Je souhaite parfois que nous vivions dans une communauté de foyers où chaque maison serait pourvue d'une nourrice bien formée afin que les bébés soient nourris et baignés chaque semaine par une nourrice différente (p. 83). Il y a peu, j'ai eu l'occasion d'observer un enfant qui eut, pendant un an et demi, une nourrice bien trop tendre et compréhensive. Cette nourrice dut partir. Lorsqu'une nouvelle nourrice arriva, l'enfant pleura trois heures durant, se calmant, de temps en temps, seulement le temps de reprendre sa respiration. La nourrice dut partir à la fin du mois et une nouvelle nourrice arriva. Cette fois, l'enfant pleura seulement une demi-heure, lorsque la nouvelle nourrice le prit en charge. De nouveau, comme cela arrive souvent dans les maison bien organisées, la deuxième nourrice resta seulement deux semaines. Lorsque la troisième nourrice arriva, l'enfant s'approcha d'elle sans un murmure. D'une certaine manière, je ne peux m'empêcher de souhaiter qu'il soit possible, également, de faire tourner les mères, à l'occasion ! À moins qu'elle ne soit vraiment très avisées.

Il est certain qu'une mère, si nécessaire, devrait laisser son enfant pendant une période assez longue afin que le conditionnement excessif s'amenuise. Si vous n'avez pas de nourrice et que vous ne pouvez laisser l'enfant, laissez-le dans le jardin de derrière une grande partie de la journée. Mettez une barrière tout autour du jardin afin qu'il ne court aucun danger. Faites cela dès sa naissance. Lorsque l'enfant peut marcher à quatre pattes, mettez lui un bac à sable et assurez-vous de creuser de petits trous dans le jardin afin qu'il doive y entrer et en sortir en rampant. Laissez-le apprendre à surmonter les difficultés à l'écart de votre surveillance. (…).

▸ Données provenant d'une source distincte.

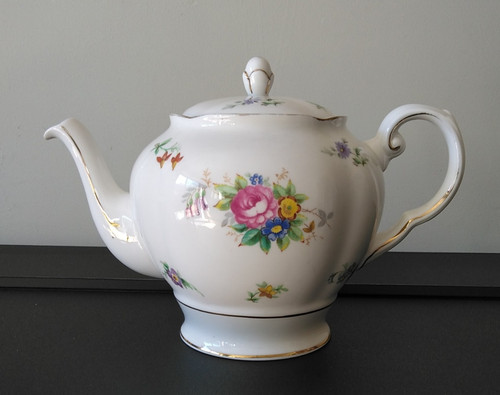 Vintage plant tuscan fine bone - fine,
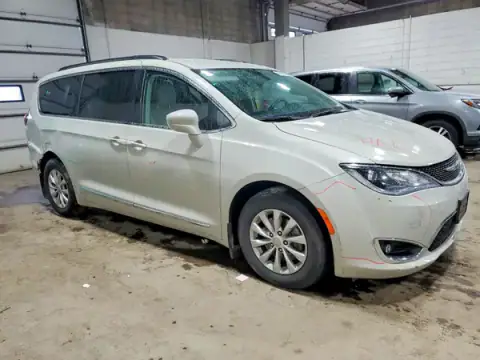 2C4RC1BG7HR785388 — 2017 Chrysler Pacifica, zdjęcie 4 z Copart, Tył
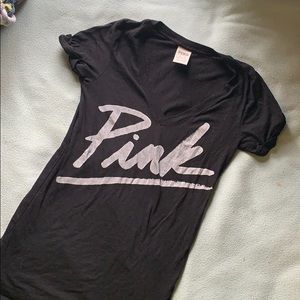 🤩VS PINK white printed Tee🤩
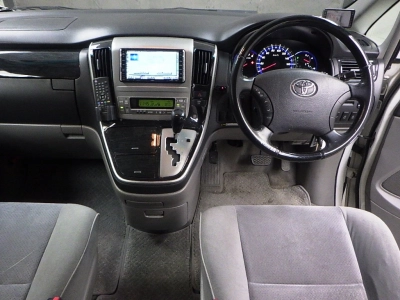 TOYOTA ALPHARD V
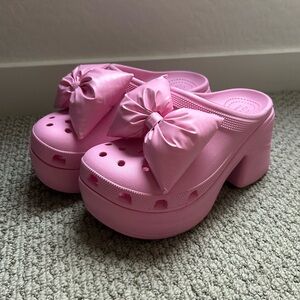 CROCS Pink Bow Mules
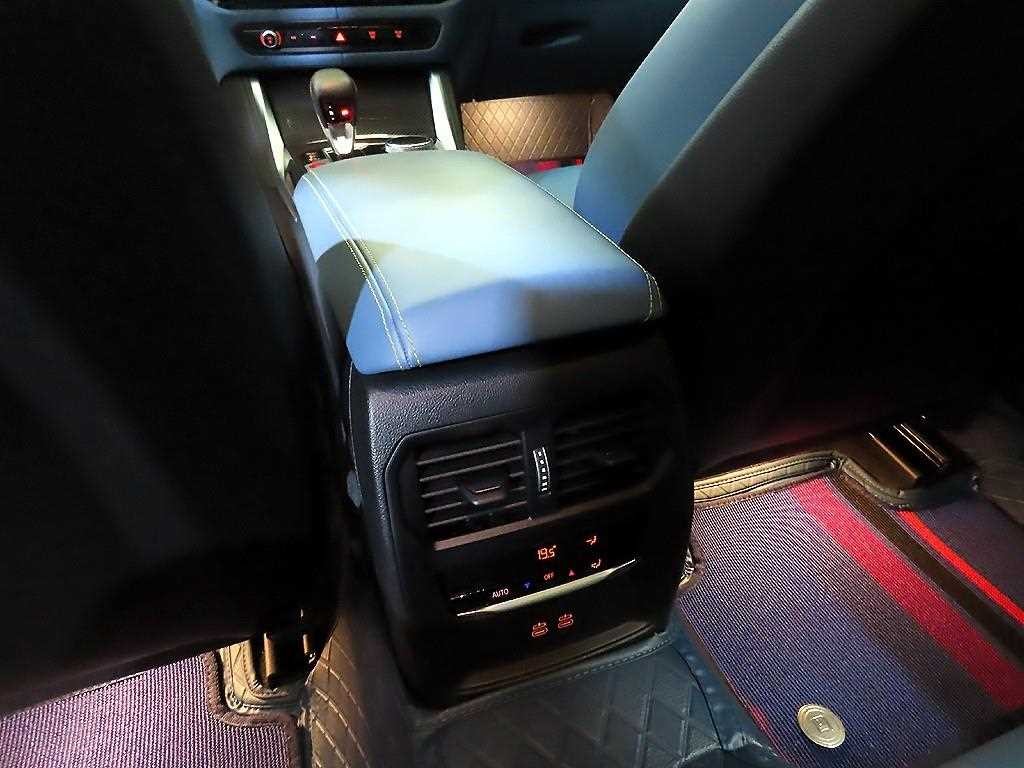 BMW 3시리즈 M3 6세대 컴패티션 M xDrive 이미지 17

En conclusion, vous rappellerez-vous alors, lorsque vous serez tentés de chouchouter votre enfant, que l'amour maternel est un instrument dangereux ? Un instrument qui peut infliger une blessure à jamais inguérissable, une blessure qui peut rendre l'enfance malheureuse, faire de l'adolescence un cauchemar, un instrument qui peut dévaster le futur professionnel de votre fils ou de votre fille adultes, ainsi que leurs chance de bonheur conjugal. (p. 87)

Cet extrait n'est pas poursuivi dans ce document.